Let’s say that your firm’s vision includes a need to reduce workloads, in order to regain a balance between professional and personal lives. Your firm could choose to stop taking in new matters until caseloads reduce to the desired number. Of course, this strategy has some negative features. One possible negative is that more prospective clients will seek your firm’s services because they see that your firm’s clients are willing to wait in order to be accepted as a firm client. But I think we would agree that such a "problem" really isn’t a problem at all. Your firm now is able to be more selective in choosing clients, because the pool of prospective clients now is larger. This is one way that risk can be reduced through vision.

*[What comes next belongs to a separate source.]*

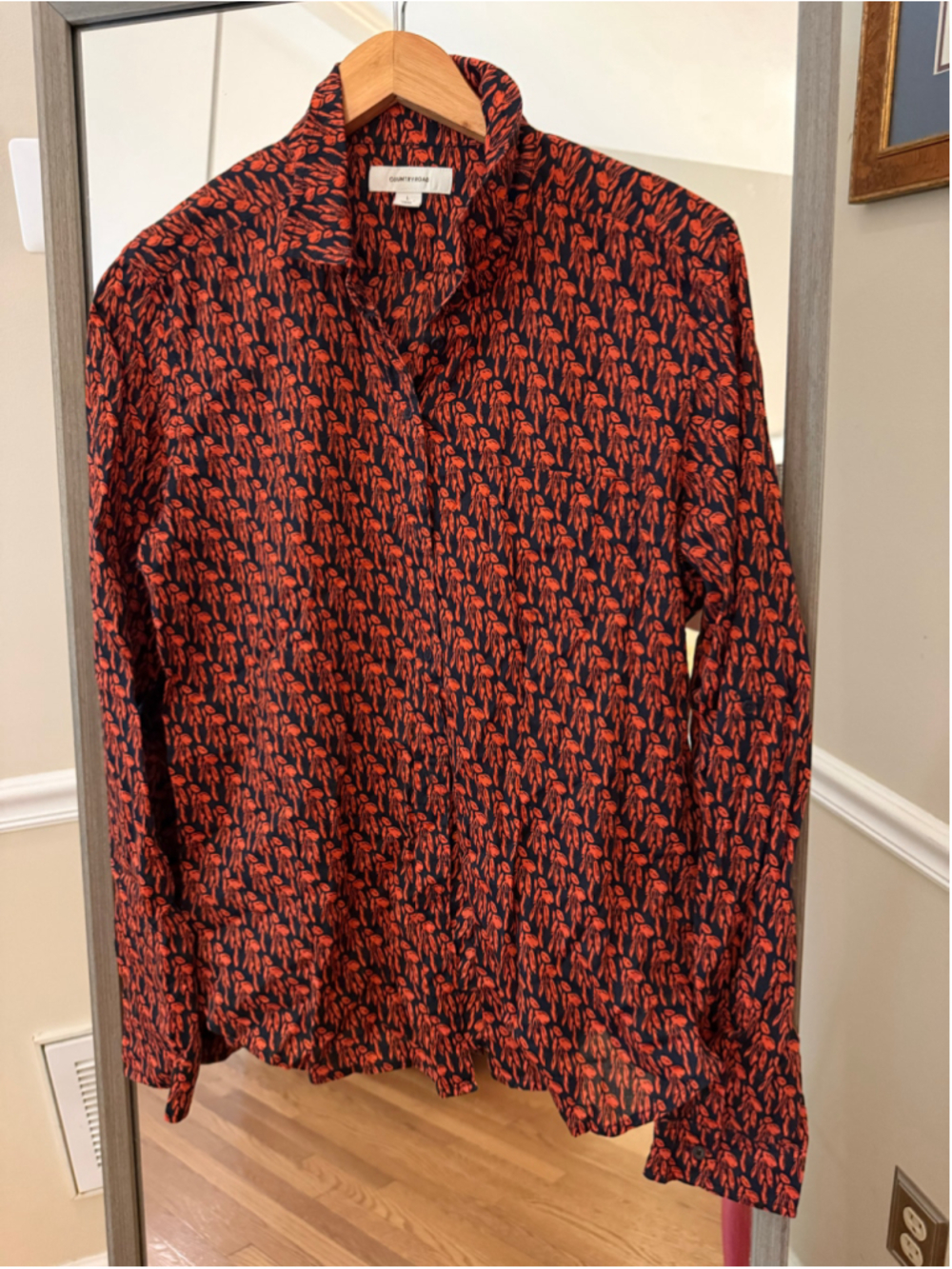 Women's Country Road Button Down Shirt Size L Black Red Leaf Print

Also, consider the "problem client." These clients tend to occupy more of your professional time (and sometimes even personal time) than other clients. Problem clients also tend to occupy excessive staff time and often create fee collection problems. I have heard some attorneys observe that problem clients create 80 percent of their stress and take 80 percent of their time, but generate less than 20 percent of their income. Viewed in this light, problem clients are not worth the effort that they require. If you can significantly reduce your stress and time load simply by no longer working for problem clients, your loss of income, reduction in stress and newfound time is well worth your efforts. The highlight of this strategy is that your newfound time can be used for personal time, or for seeking better clients who can pay and are not a problem.
These two examples show how developing a vision can clarify where your firm’s practice is going. Without a firm vision, you will find that controlling and planning your firm’s future is very difficult. The best part is that creating and implementing that vision is relatively simple. Start by asking where the firm is today. What does the ideal client look like? How many hours do we wish to work in an average week or month? What is the ideal caseload? You can finalize your firm vision with where you wish to be in 5, 10 or even 20 years. From that point, you determine how to reach those milestones.
In the end, creating and implementing a firm vision can reduce your firm’s risk of a malpractice claim. Your firm and its employees can have greater control over the firm’s daily operation. Professional decision-making can be improved because personal satisfaction is higher. Of course, I can’t guarantee this result. However, I have talked with a number of attorneys who have developed a business vision, and every single one has said that it made a huge difference for them and their law practice.